ASSIGNED TASK: The response should consist of every line below, restated exactly, with no pictures.

DATA BLOCK:
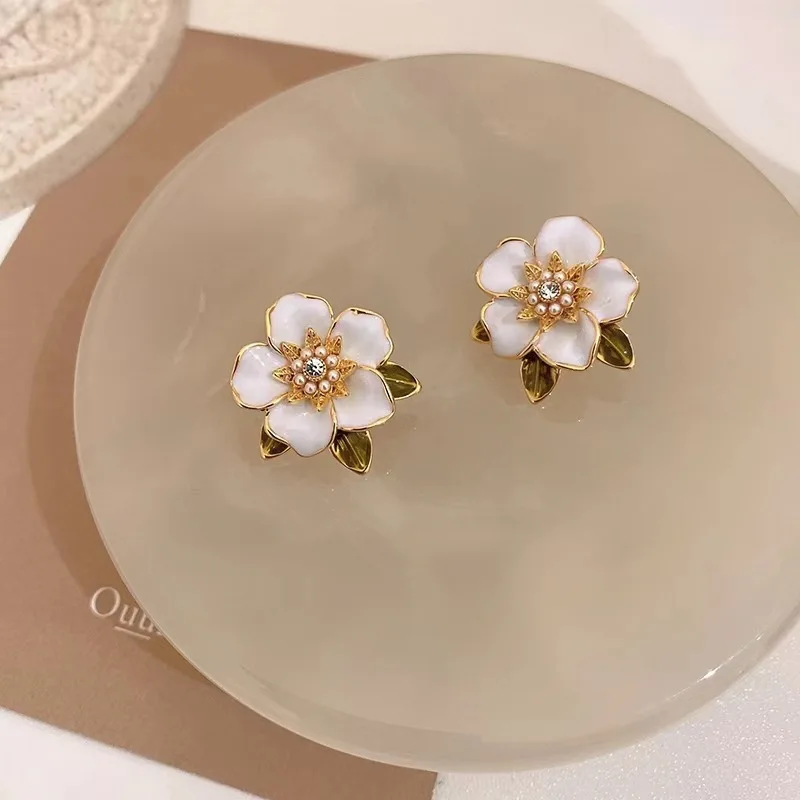 White Flower Stud Earrings for Women Folded Acrylic Side Charming Sweet Floral Girls Earrings Japanese Style Ear Jewelry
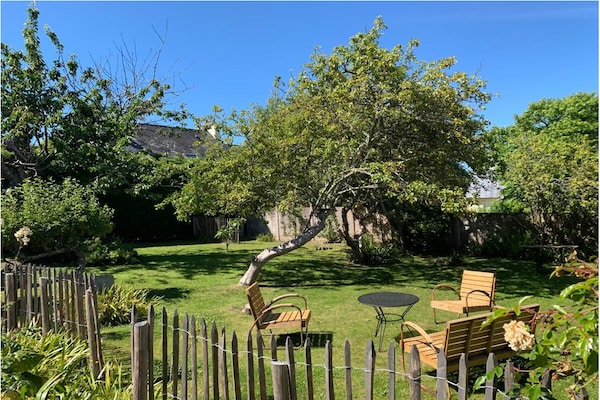 Foto van Vakantiehuis in Locquirec bij zandstrand - Vakantiehuis in Locquirec - GardenSummer
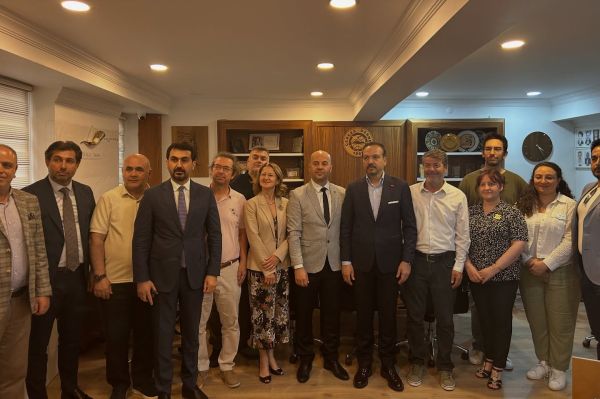 AK Parti Heyeti Derneğimizi Ziyaret Etti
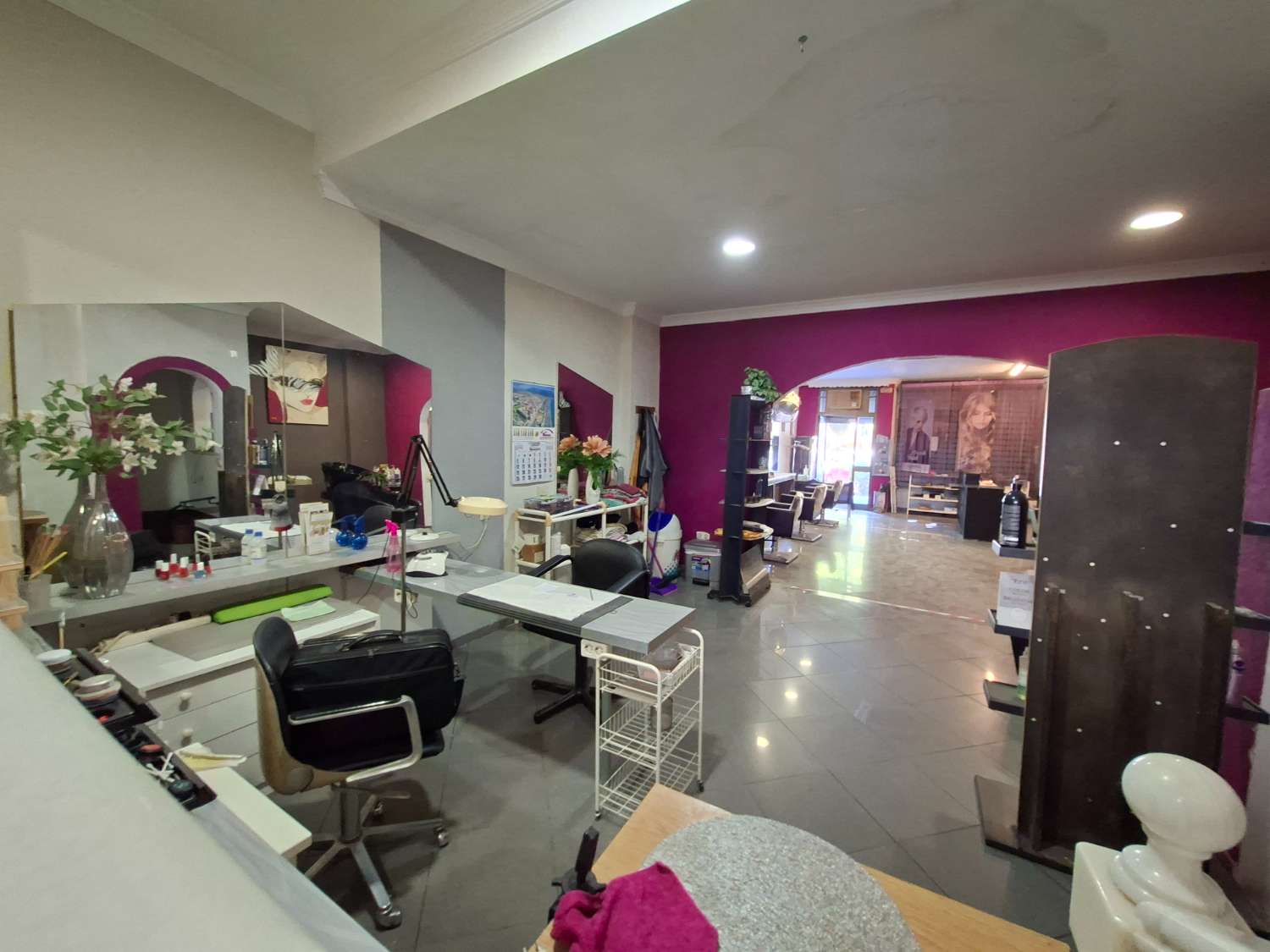 Local con garaje a la venta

SOLUTION:
 White Flower Stud Earrings for Women Folded Acrylic Side Charming Sweet Floral Girls Earrings Japanese Style Ear Jewelry
 Foto van Vakantiehuis in Locquirec bij zandstrand - Vakantiehuis in Locquirec - GardenSummer
 AK Parti Heyeti Derneğimizi Ziyaret Etti
 Local con garaje a la venta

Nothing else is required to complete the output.